The death of the foreign correspondent Marie Colvin has two meanings. One is that journalism is about more than prurience and moral and financial corruption – contrary to the impression that might have been given by the events that led to the Leveson inquiry and by some of the practices that have been exposed since, and of which there may be worse to come this week. Journalism is also about the reporting of truths and injustices, and especially those that the powerful and the malign would rather were not reported.
The other meaning is in one of those truths, the humanitarian emergency in Syria, on which Colvin was reporting when she was killed. In her last words she said: "In Baba Amr. Sickening, cannot understand how the world can stand by and I should be hardened by now. Watched a baby die today. Shrapnel, doctors could do nothing. His little tummy just heaved and heaved until he stopped. Feeling helpless. As well as cold! Will keep trying to get out the information."
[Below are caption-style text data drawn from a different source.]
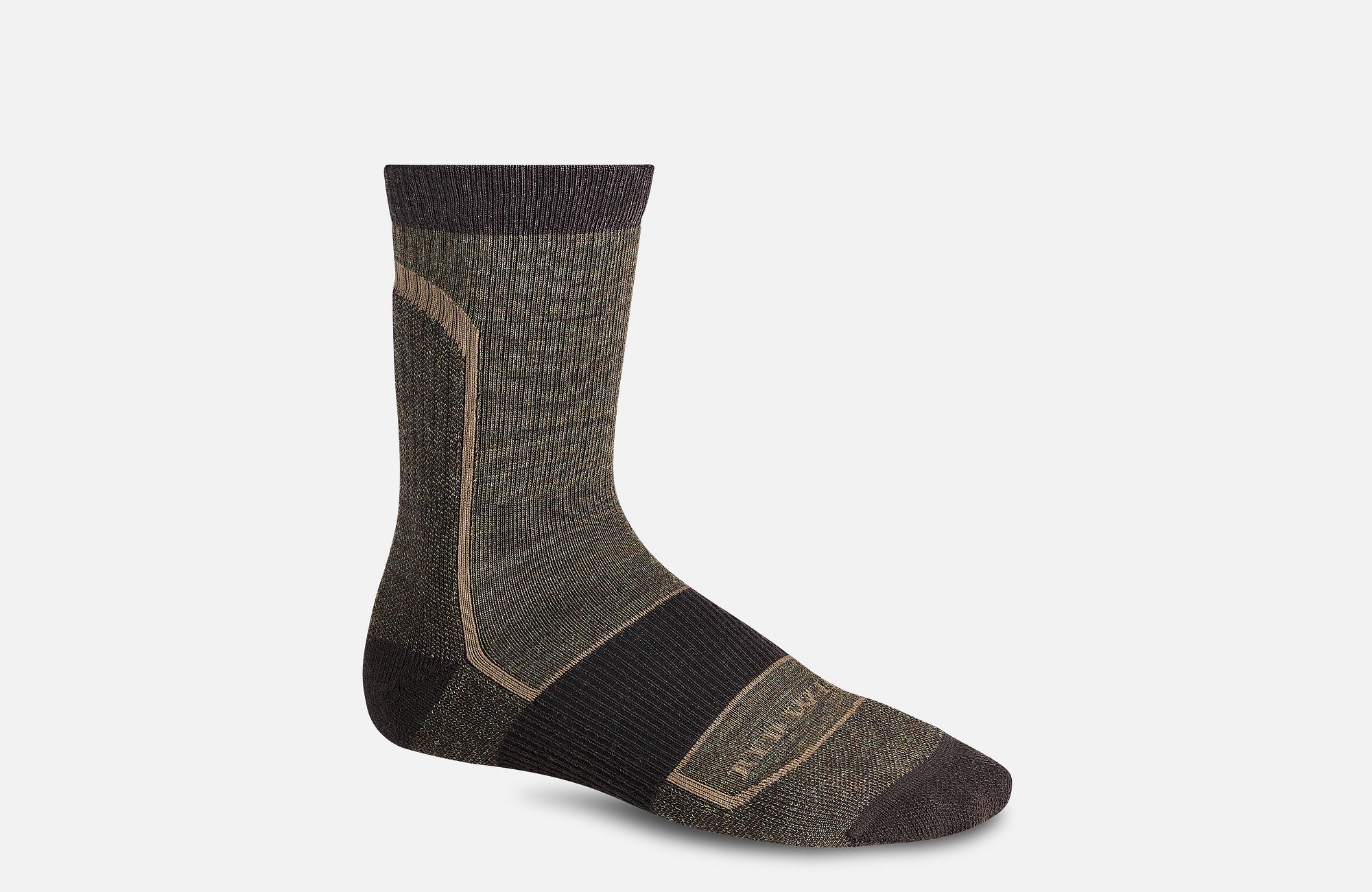 Merino Wool 3/4 Crew Work Sock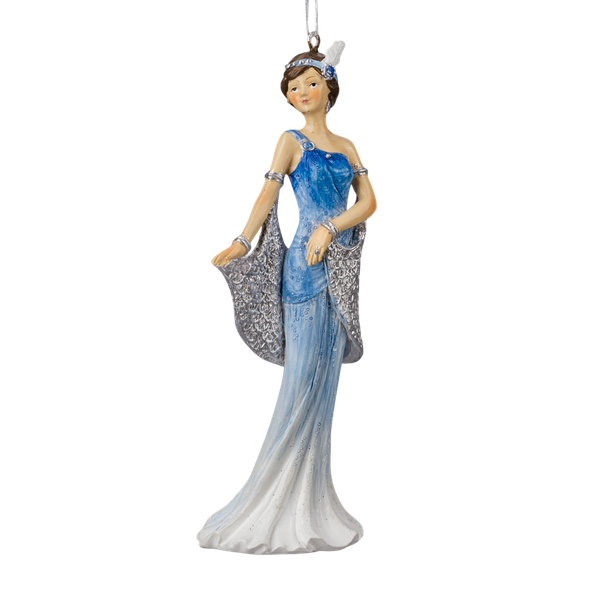 Елочная игрушка Erich Krause Decor. Миледи / 64549 - фото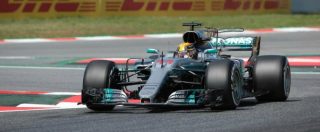 Copertina di Formula 1, Gp Spagna: Hamilton in pole davanti a Vettel e Bottas. Raikkonen 4°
She wanted the world to know that Bashar Assad's forces were perpetrating terrible crimes upon their people. We have known that for a year now, but international action to do anything about it has been dismissed as unlikely because there is no consensus at the United Nations. In the great tradition of war reporting, Colvin sought to stir the conscience of the world by bearing witness to the human consequences of an unjust military campaign.
The Independent on Sunday hopes that she succeeds posthumously. This newspaper supports the doctrine of a "responsibility to protect", as adopted by the UN in 2005. We wish it had been acted on in Rwanda in 1994 and in Bosnia in 1995. We were glad that it was acted on in Kosovo in 1999 and in Libya last year. Of course, conditions must be met. Military action must either be authorised by the UN Security Council, or be to prevent the killing of large numbers of civilians. Both conditions were satisfied in imposing a no-fly zone over Libya last year, when Gaddafi threatened to take his revenge on the people of Benghazi.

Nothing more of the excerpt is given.